I spent all my time in LA living in Westwood, and saw some interesting rain storms while I was there. Interesting tidbit: Santa Monica (just next to the coast) actually gets less rain a year than LA (13.5 inches vs. 14.7 inches). I'm guessing they get more moisture in fog than in rain.


You could, with current technology, put the PV on your antipode with sufficiently small losses it's basically fine.

Actually building one is harder than designing one, so I'm not suggesting breaking ground on a global grid immediately, but if you in the USA can get past the three way split of {east, west, Texas}, that'll do a lot all by itself.


Transmission losses are a concern, but this is fairly irrelevant to the OP's original idea: that of producing carbon fuels in the desert and then transporting them. Most populated places in the US are pretty far from Erath, Louisiana or Cushing, Oklahoma, and we get by just fine under this arrangement.


High voltage direct current is the keyword. It is possible. Unfortunately the plans to build a giant solar farm in the Sahara and connect it to Europe never took off (for now). Losses are about 10% per 3000km. See also what the DESERTEC foundation does.


> Distribution systems don't come for free and have many of the same problems as 'last mile' internet.

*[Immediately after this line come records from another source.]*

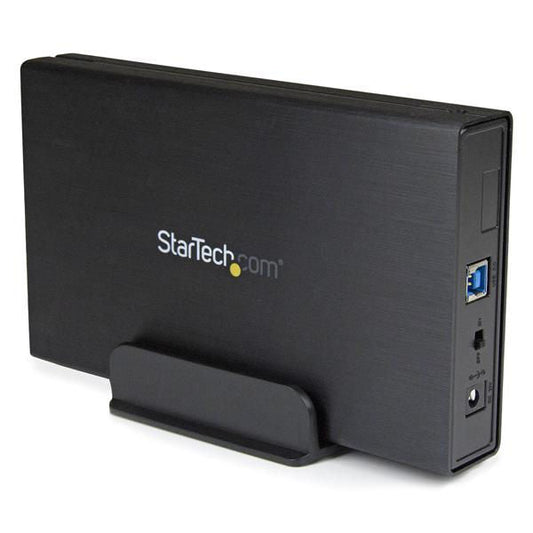 StarTech.com USB3 3.5in External Hard Drive Enclosure UASP - ONE CLICK SUPPLIES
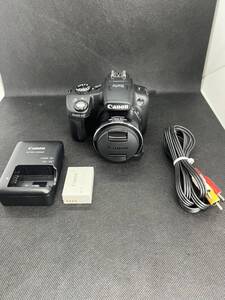 Canon キヤノン PowerShot SX50 HS パワーショット コンパクトデジタルカメラ 付属品 電源・シャッターOK 現状品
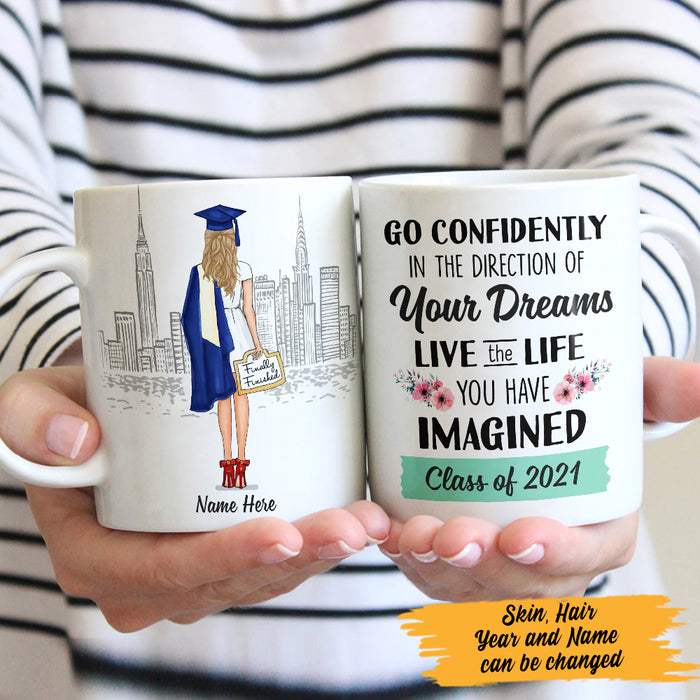 Personalized Graduation Mug MR82 26O47 1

Nor does centralized. The grid needs to be upgraded to handle the significant increase in demand. But more importantly, over-centralization will mean we're putting all our energy production in fewer baskets (than we have now). Decentralized is a form of a redundancy, a form of backup. It's also a form of independence.

There's no single silver bullet. We'd be wise to blend, and blend wisely. And yes, they might have some added financial costs, but not doing it will surely come at other costs (e.g., blackouts).

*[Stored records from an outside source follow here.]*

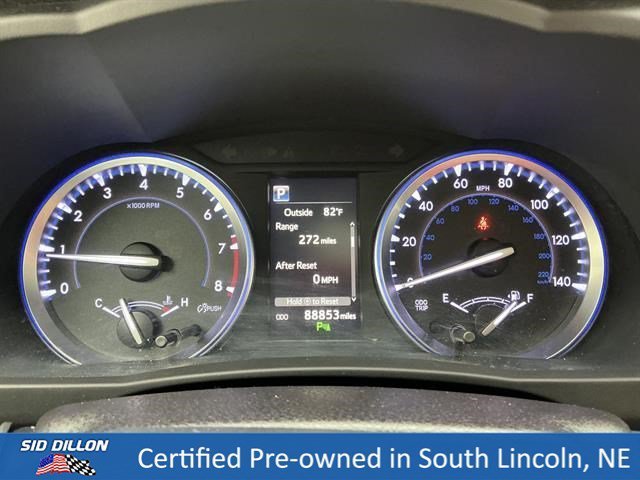 Used 2018 Predawn Gray Mica Toyota Limited Platinum image 11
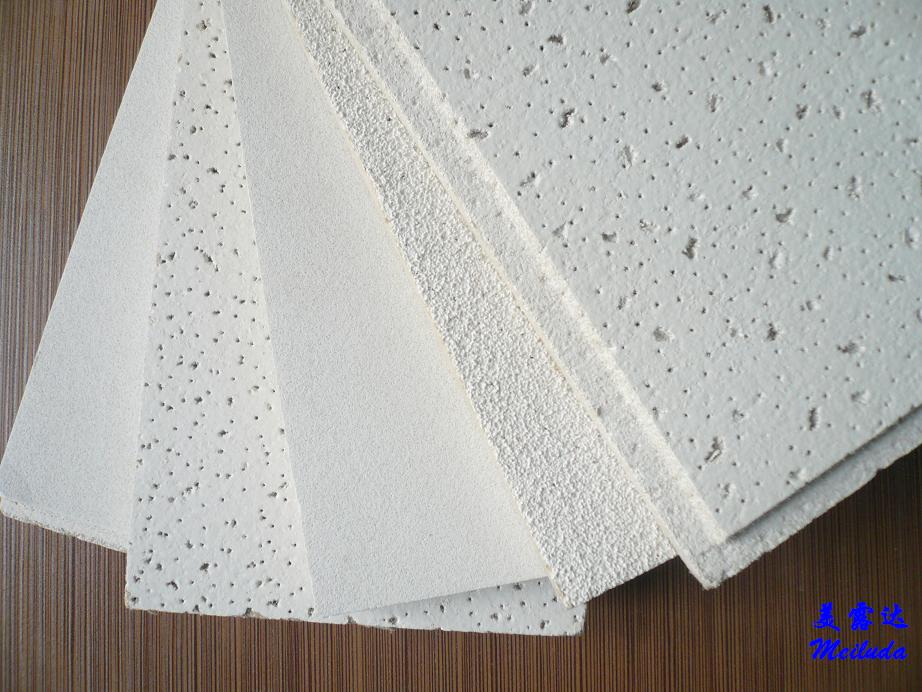 Mineral fiber acoustic ceiling board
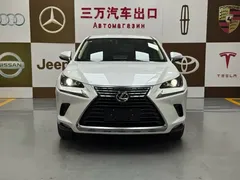 2020 Lexus NX 200 2WD, белый — фото 2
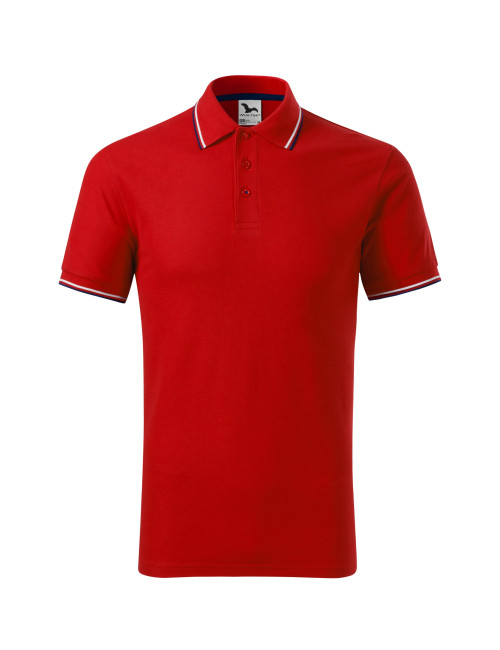 Herren-Poloshirt Focus 232 rot Adler Malfini®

Engineering mitigate signal attentuation and paying all the middle men from Desert->a home thousands of miles away ain’t cheap


What is your opinion of distributed solar having less or more chance of causing forest fires than a few managed facilities?


Where are you getting the idea that solar panels cause forest fires?


No, the opposite. High power long distance power lines do. Solar panels are much less likely.


What does solar have to do with it at all? Why mention 'forest fires' in the first place?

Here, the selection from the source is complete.